Exercise directions -
Below are some records; copy them word for word and drop the pictures.

Data for this exercise -
┄┄┄┄┄┄┄┄┄┄

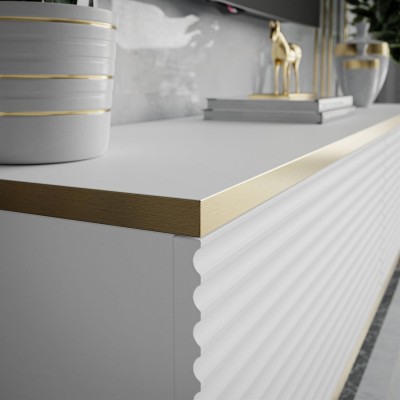 Szafka RTV wisząca OXFORD II 175 cm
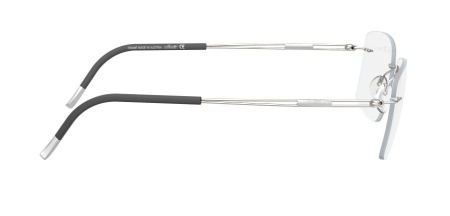 Зображення 3: Оправа для окулярів Silhouette 5521 7010 17/145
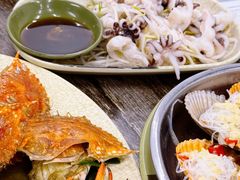 -贞姨美食·老字号海鲜大排档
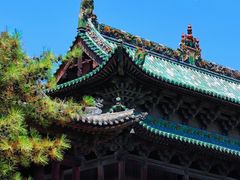 -榆次老城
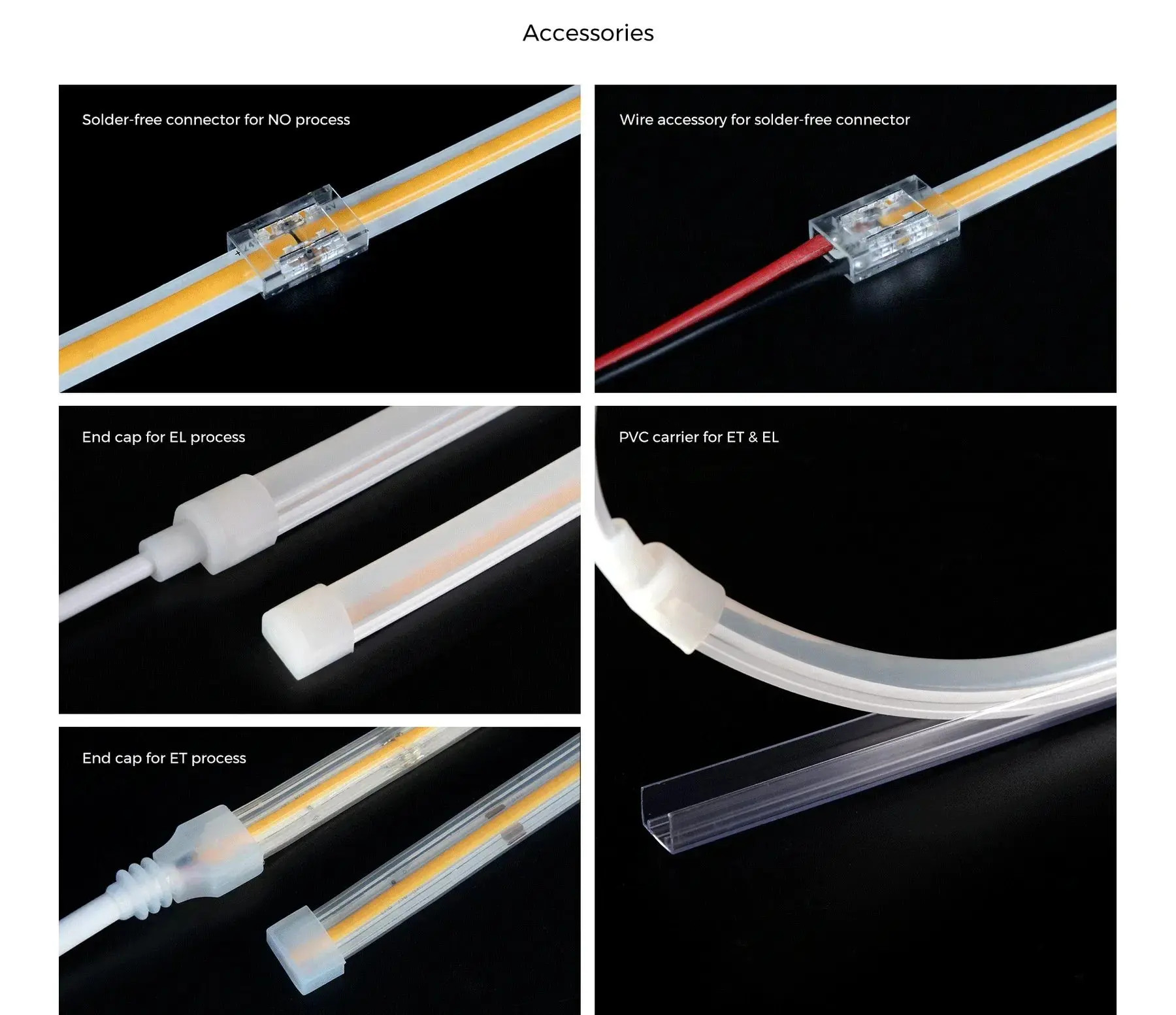 LED стрічка COLORS COB-24V-IP20 10W 1210Lm 3000K 5м (DF8-24V-8mm-V1-WW) - фото №12 LED стрічка COLORS COB-24V-IP20 10W 1210Lm 3000K 5м (DF8-24V-8mm-V1-WW) - фото №12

┄┄┄┄┄┄┄┄┄┄

Result of the task -
 Szafka RTV wisząca OXFORD II 175 cm
 Зображення 3: Оправа для окулярів Silhouette 5521 7010 17/145
 -贞姨美食·老字号海鲜大排档
 -榆次老城
 LED стрічка COLORS COB-24V-IP20 10W 1210Lm 3000K 5м (DF8-24V-8mm-V1-WW) - фото №12 LED стрічка COLORS COB-24V-IP20 10W 1210Lm 3000K 5м (DF8-24V-8mm-V1-WW) - фото №12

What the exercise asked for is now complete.